Your output should be exactly the lines from the one containing "95 free no deposit" through the final line of the records, both included, with every picture left out.

====== GIVEN ENTRIES

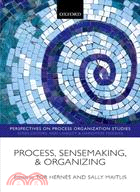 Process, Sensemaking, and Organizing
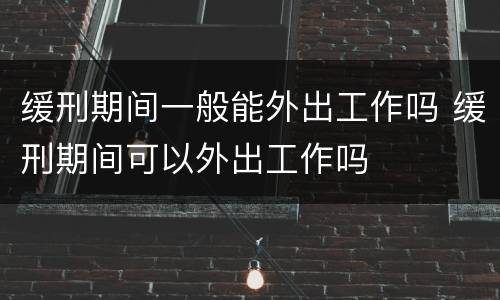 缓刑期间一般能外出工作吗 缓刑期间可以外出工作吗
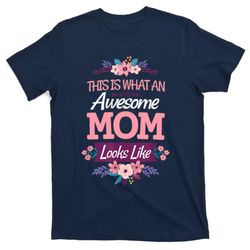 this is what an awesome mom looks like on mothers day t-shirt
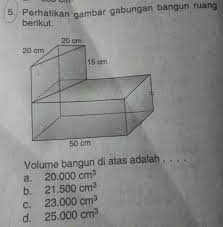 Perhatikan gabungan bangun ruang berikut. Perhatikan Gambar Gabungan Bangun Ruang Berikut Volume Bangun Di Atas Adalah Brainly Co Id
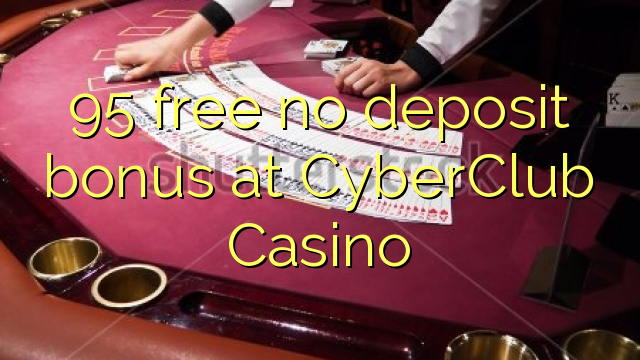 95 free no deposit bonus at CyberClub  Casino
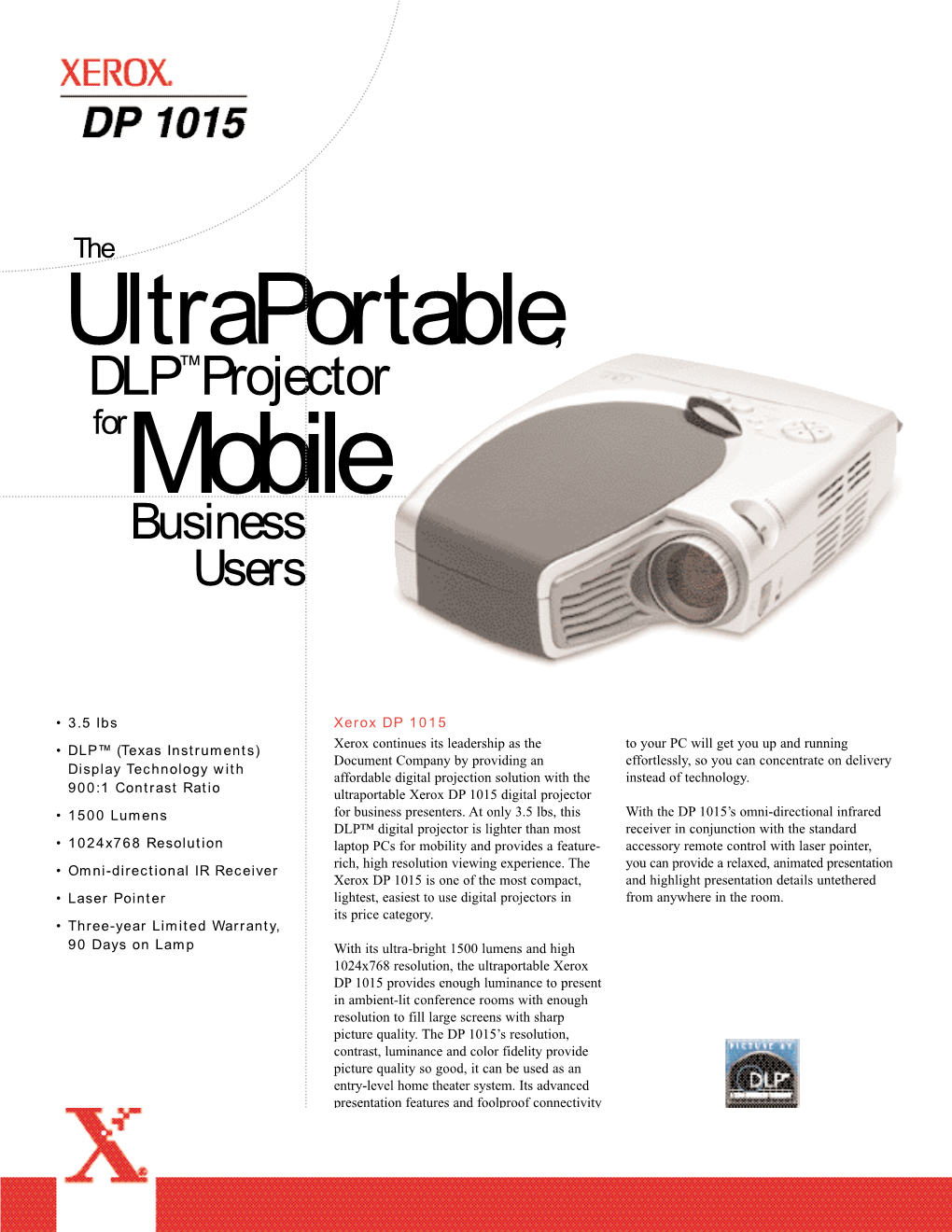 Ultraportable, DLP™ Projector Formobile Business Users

============

ANSWER FOR THIS EXERCISE:
 95 free no deposit bonus at CyberClub  Casino
 Ultraportable, DLP™ Projector Formobile Business Users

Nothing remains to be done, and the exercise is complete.